### INPUT RECORDS:
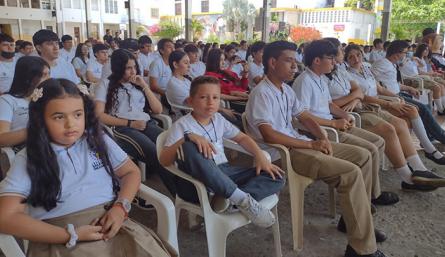 Estudiantes promueven la paz desde las aulas de clases./Foto: Paola Ríos - La Opinión
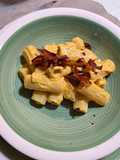 Pasta con pesto di zucca e speck croccante
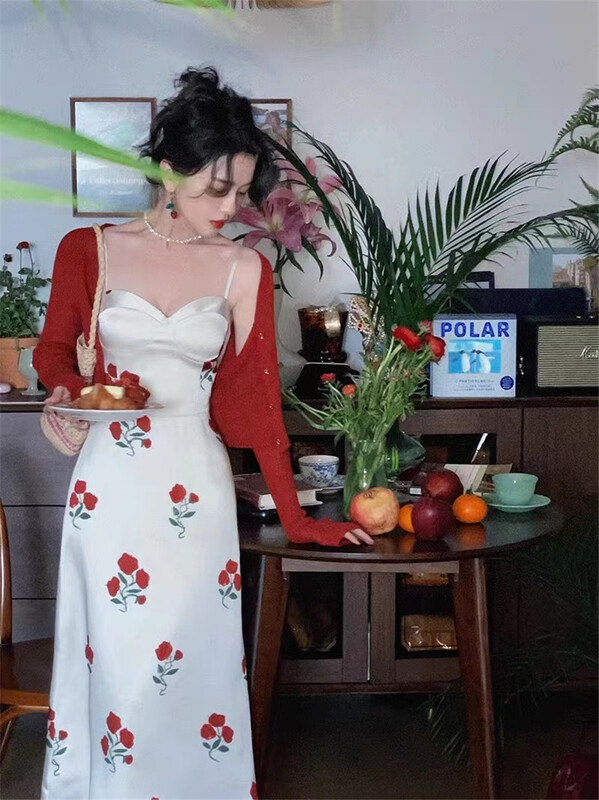 New year in early spring! [tangtangtangjia] Vintage printed suspender dress 2805# PCZ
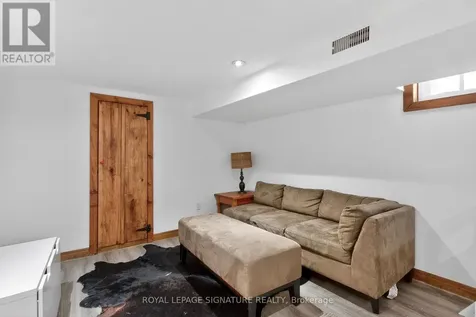 52 Dane Street Kitchener ON N2H 3H7
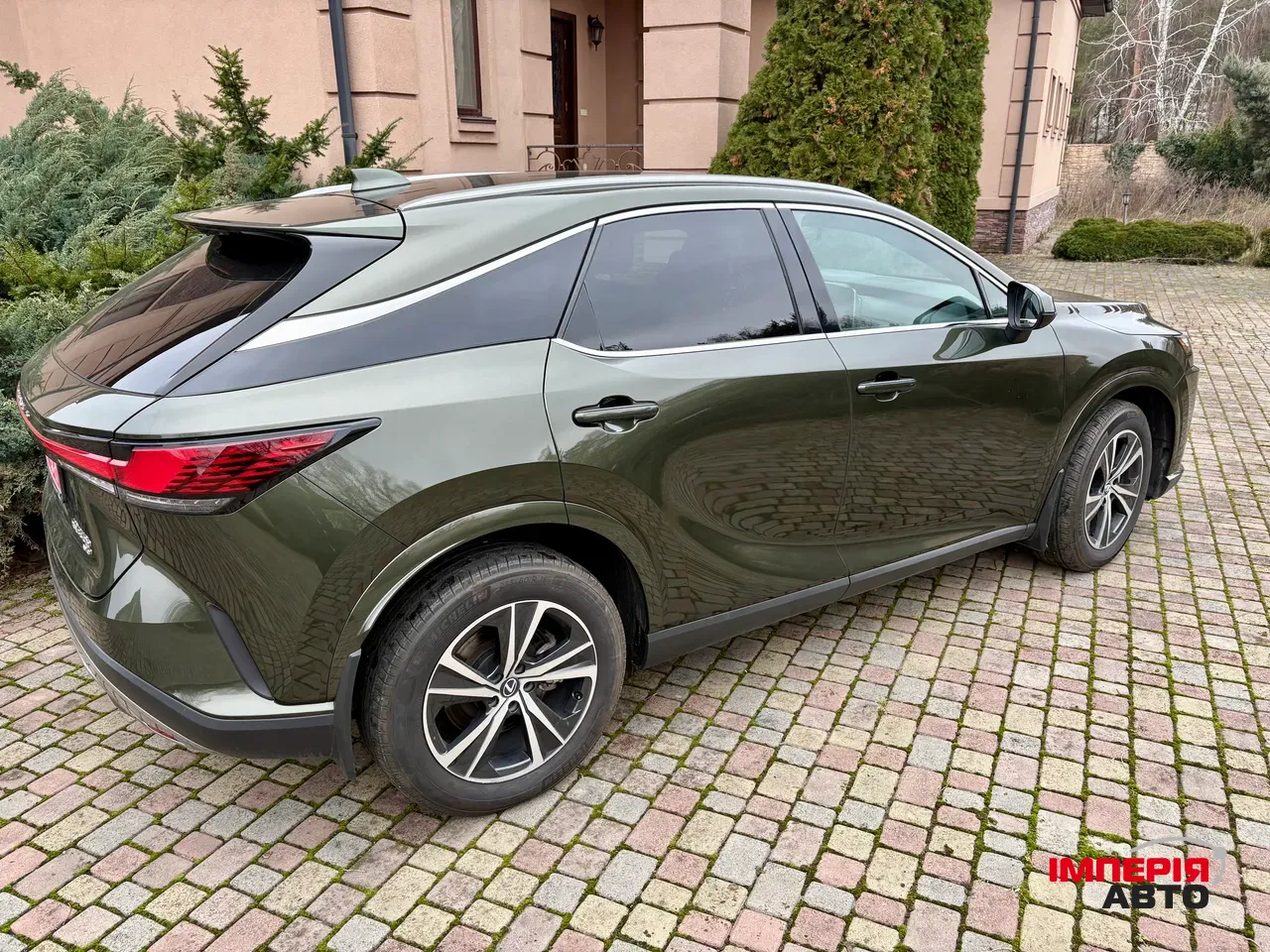 Lexus RX - фото 9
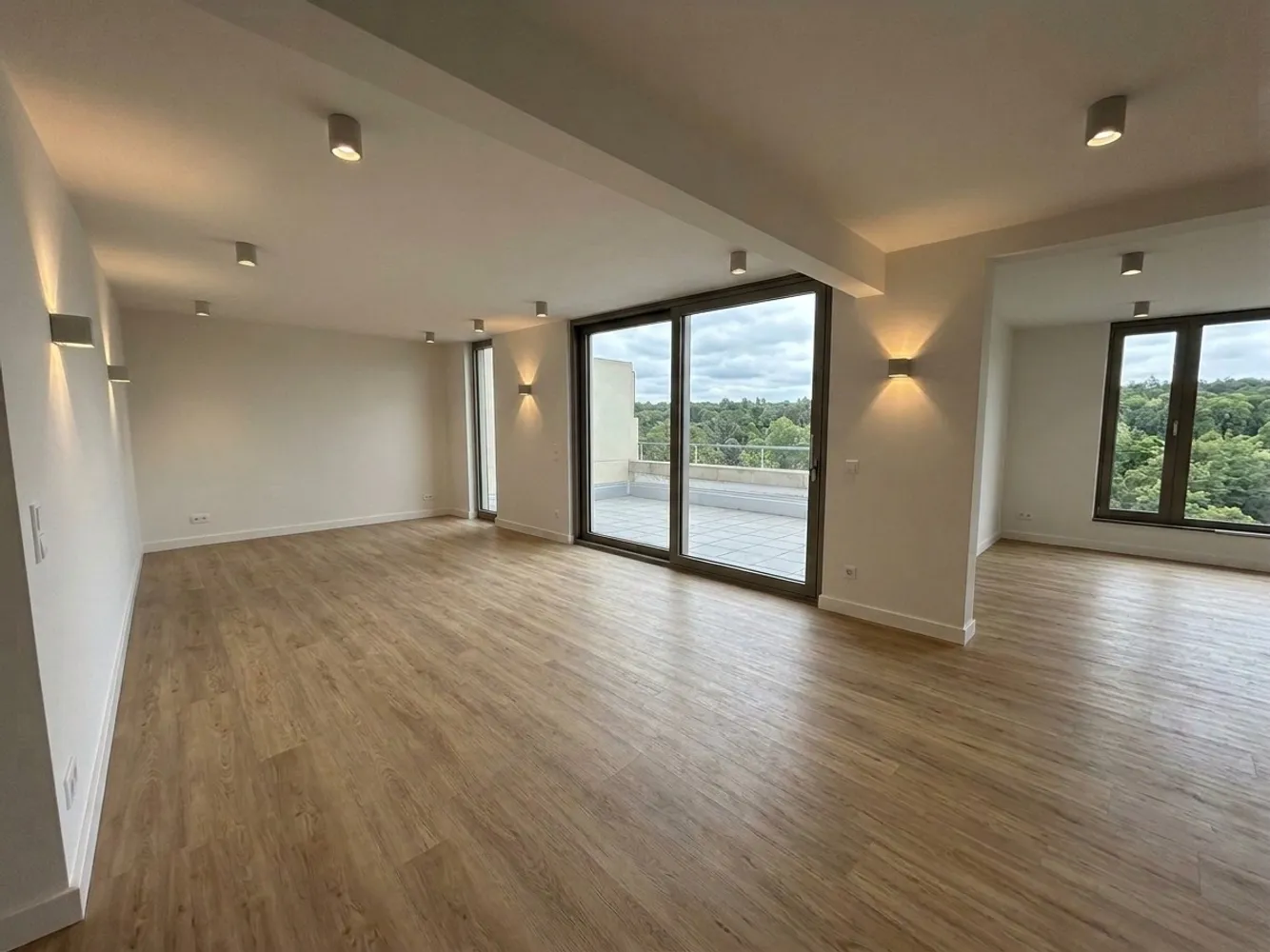 3 Zimmer Wohnung mit 129 m² in Saarbrücken – Bild 1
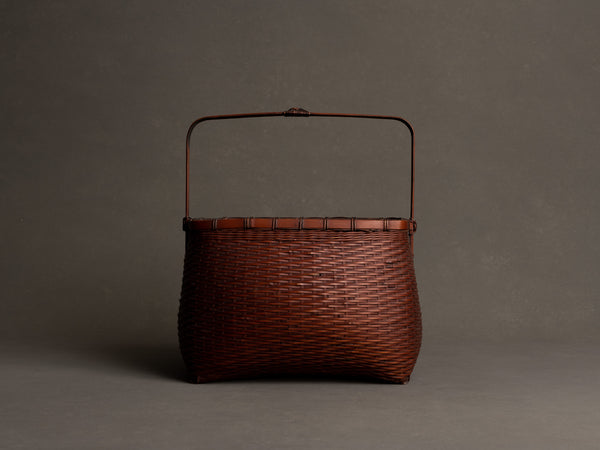 Rare Hanakago, panier rectangulaire à anse pour l'ikebana, Japon (Ère Shōwa)..Rare rectangular hanakago Ikebana bamboo basket with handle, Japan (Shōwa era)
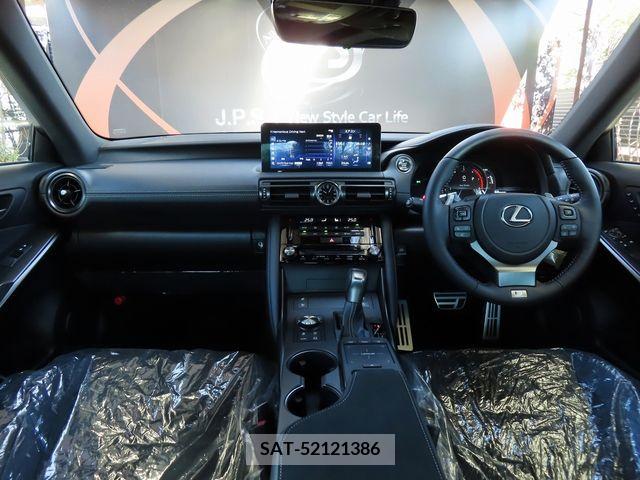 Lexus IS 2023-06 224936-2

### ACTIVITY:
Restate the material above word for word, dropping the pictures.

### WRITTEN RESPONSE:
 Estudiantes promueven la paz desde las aulas de clases./Foto: Paola Ríos - La Opinión
 Pasta con pesto di zucca e speck croccante
 New year in early spring! [tangtangtangjia] Vintage printed suspender dress 2805# PCZ
 52 Dane Street Kitchener ON N2H 3H7
 Lexus RX - фото 9
 3 Zimmer Wohnung mit 129 m² in Saarbrücken – Bild 1
 Rare Hanakago, panier rectangulaire à anse pour l'ikebana, Japon (Ère Shōwa)..Rare rectangular hanakago Ikebana bamboo basket with handle, Japan (Shōwa era)
 Lexus IS 2023-06 224936-2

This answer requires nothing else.